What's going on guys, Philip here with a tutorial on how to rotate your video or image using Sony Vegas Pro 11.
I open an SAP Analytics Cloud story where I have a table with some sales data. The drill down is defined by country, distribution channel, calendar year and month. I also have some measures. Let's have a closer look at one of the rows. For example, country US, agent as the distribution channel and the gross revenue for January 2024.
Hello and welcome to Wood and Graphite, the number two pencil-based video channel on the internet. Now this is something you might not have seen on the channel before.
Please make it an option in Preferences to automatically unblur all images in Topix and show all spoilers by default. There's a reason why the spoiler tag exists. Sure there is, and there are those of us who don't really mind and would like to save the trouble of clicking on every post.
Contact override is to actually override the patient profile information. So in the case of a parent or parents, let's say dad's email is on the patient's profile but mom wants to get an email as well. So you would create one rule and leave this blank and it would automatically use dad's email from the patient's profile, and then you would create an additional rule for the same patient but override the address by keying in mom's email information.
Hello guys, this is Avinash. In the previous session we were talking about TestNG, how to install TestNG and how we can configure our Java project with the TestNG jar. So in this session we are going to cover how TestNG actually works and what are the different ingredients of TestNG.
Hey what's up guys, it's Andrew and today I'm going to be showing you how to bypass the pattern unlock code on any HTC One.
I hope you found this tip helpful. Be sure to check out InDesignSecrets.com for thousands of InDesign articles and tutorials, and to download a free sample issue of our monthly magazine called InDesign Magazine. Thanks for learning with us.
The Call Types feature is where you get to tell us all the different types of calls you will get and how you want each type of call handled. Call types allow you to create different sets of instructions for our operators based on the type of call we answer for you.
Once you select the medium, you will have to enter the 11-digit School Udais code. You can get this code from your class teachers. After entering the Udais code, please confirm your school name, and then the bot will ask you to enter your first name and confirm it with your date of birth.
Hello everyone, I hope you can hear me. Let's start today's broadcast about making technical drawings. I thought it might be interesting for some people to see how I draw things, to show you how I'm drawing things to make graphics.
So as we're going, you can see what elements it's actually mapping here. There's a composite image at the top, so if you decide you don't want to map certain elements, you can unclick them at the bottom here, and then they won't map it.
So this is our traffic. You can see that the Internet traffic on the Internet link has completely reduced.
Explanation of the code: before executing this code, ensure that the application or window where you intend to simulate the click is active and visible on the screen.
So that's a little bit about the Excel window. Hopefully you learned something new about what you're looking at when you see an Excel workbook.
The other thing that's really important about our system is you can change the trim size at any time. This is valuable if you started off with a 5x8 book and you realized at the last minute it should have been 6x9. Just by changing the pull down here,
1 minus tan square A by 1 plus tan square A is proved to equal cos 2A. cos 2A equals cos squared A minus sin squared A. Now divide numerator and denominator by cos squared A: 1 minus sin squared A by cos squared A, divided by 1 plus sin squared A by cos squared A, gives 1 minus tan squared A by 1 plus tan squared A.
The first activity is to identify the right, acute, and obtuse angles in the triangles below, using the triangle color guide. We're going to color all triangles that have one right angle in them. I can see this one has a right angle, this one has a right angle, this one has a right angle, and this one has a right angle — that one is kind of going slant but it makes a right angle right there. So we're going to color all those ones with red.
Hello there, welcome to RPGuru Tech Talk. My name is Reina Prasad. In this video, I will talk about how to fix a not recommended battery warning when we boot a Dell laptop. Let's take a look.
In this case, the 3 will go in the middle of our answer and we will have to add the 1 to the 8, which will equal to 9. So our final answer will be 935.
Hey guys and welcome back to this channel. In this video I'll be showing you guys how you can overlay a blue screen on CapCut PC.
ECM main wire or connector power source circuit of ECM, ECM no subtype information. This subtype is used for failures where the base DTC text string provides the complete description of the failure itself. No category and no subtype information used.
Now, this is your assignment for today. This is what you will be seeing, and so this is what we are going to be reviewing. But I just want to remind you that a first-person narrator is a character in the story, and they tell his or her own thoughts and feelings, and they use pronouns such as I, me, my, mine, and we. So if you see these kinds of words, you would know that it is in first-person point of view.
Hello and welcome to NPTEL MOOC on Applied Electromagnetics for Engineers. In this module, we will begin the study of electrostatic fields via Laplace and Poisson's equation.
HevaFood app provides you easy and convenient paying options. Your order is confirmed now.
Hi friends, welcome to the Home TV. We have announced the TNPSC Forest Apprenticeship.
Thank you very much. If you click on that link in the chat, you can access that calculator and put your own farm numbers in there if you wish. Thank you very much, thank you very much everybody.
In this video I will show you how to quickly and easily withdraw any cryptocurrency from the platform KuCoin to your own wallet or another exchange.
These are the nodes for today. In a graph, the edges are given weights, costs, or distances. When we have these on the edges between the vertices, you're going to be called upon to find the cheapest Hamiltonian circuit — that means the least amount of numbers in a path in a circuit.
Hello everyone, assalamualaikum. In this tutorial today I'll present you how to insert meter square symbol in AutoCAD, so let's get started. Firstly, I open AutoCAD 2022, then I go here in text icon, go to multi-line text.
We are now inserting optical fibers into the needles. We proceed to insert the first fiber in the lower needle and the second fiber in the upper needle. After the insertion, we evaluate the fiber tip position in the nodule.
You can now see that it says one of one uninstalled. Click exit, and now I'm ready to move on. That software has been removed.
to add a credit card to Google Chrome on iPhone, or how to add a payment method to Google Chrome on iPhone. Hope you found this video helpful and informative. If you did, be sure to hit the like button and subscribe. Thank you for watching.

ACTION ITEM
Extract each line holding the word "about" from the records.

RESULT BELOW
Hello guys, this is Avinash. In the previous session we were talking about TestNG, how to install TestNG and how we can configure our Java project with the TestNG jar. So in this session we are going to cover how TestNG actually works and what are the different ingredients of TestNG.
Hello everyone, I hope you can hear me. Let's start today's broadcast about making technical drawings. I thought it might be interesting for some people to see how I draw things, to show you how I'm drawing things to make graphics.
So that's a little bit about the Excel window. Hopefully you learned something new about what you're looking at when you see an Excel workbook.
The other thing that's really important about our system is you can change the trim size at any time. This is valuable if you started off with a 5x8 book and you realized at the last minute it should have been 6x9. Just by changing the pull down here,
Hello there, welcome to RPGuru Tech Talk. My name is Reina Prasad. In this video, I will talk about how to fix a not recommended battery warning when we boot a Dell laptop. Let's take a look.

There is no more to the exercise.